GPU Training becomes very slow after a few iterations

Matheusih · April 9, 2019, 2:24pm

Hi, I’m training a model consisting of a nn.LSTM connected into a nn.Linear, using this for a regression problem. However training becomes real slow even inside the first epoch. I think my problem is that I’m using retrain_graph=True and also that the graph of my hidden state grows at each iteration, as I refeed it to my model every iteration. If I try not using retrain_graph=True it throws me an error “trying to backward through the graph a second time but the buffers have already been freed”. Since I’m new to RNNs I’m a bit confused, is it supposed to be like this, or am I missing something in my approach?

Here’s the relevant code:

def learn(X, y, hidden):
model.zero_grad()

output, hidden = model(X, hidden)

loss = criterion(output, y)

optimizer.zero_grad()
loss.backward(retain_graph=True)
optimizer.step()

return loss, output, hidden

hidden = None
for epoch in range(epochs):
loss_avg = 0
for i, (X,y) in enumerate(dataloader):
X = X.to(device)
y = y.to(device)

loss, output, hidden = learn(X,y, hidden)
 ...

And the definition of my model follows:

class RNN(nn.Module):
def init(self, input_size, hidden_size, output_size = 1, num_layers = 1, batch_size = 1):
super(RNN, self).init()

    self.hidden_size = hidden_size
    self.input_size = input_size
    self.batch_size = batch_size
    
    self.lstm = nn.LSTM(input_size, hidden_size, num_layers)
    
    self.mlp = nn.Linear(hidden_size, output_size)

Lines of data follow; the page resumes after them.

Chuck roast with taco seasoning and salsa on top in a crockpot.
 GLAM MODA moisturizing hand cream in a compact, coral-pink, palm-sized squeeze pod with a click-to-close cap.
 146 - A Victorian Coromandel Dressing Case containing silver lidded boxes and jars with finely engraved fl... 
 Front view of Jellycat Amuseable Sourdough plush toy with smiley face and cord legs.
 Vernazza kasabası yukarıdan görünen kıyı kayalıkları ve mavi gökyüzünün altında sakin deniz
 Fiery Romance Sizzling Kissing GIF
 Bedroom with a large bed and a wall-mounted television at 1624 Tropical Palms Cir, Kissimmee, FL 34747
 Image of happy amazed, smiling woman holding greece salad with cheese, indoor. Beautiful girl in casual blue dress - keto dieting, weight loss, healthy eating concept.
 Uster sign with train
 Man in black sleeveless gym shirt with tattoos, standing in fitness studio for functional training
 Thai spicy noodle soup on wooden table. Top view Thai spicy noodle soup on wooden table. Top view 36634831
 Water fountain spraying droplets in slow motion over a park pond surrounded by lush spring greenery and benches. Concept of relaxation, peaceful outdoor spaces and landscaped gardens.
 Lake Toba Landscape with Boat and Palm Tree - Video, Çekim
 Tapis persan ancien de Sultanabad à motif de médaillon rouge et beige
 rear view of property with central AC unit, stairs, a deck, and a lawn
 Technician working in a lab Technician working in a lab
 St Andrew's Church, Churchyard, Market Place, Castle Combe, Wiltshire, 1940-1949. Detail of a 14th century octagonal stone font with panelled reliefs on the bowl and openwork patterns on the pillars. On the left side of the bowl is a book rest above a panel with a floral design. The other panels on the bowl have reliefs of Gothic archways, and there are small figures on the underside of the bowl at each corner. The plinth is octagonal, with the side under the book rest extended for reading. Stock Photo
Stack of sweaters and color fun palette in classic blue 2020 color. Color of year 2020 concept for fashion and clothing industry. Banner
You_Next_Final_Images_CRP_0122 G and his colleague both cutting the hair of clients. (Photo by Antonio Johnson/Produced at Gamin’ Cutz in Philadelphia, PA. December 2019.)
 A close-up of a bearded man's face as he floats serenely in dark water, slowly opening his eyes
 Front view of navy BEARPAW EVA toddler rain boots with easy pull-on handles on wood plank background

def forward(self, X, H=None):
  
    out, hidden = self.lstm(X,H)
    out = self.mlp(out[-1])
    return out, hidden

EDIT (Solved):
The problem was that I was non-intentionally training my hidden and saving all its graphs during training. I solved this by detaching the graph before returning, inside my learn function.

pzg · October 1, 2019, 8:05pm

Hello I appear to be running into the same problem. Ive tried detach() on both hidden and model which I return to no effect. What exactly did you find helpful to detach?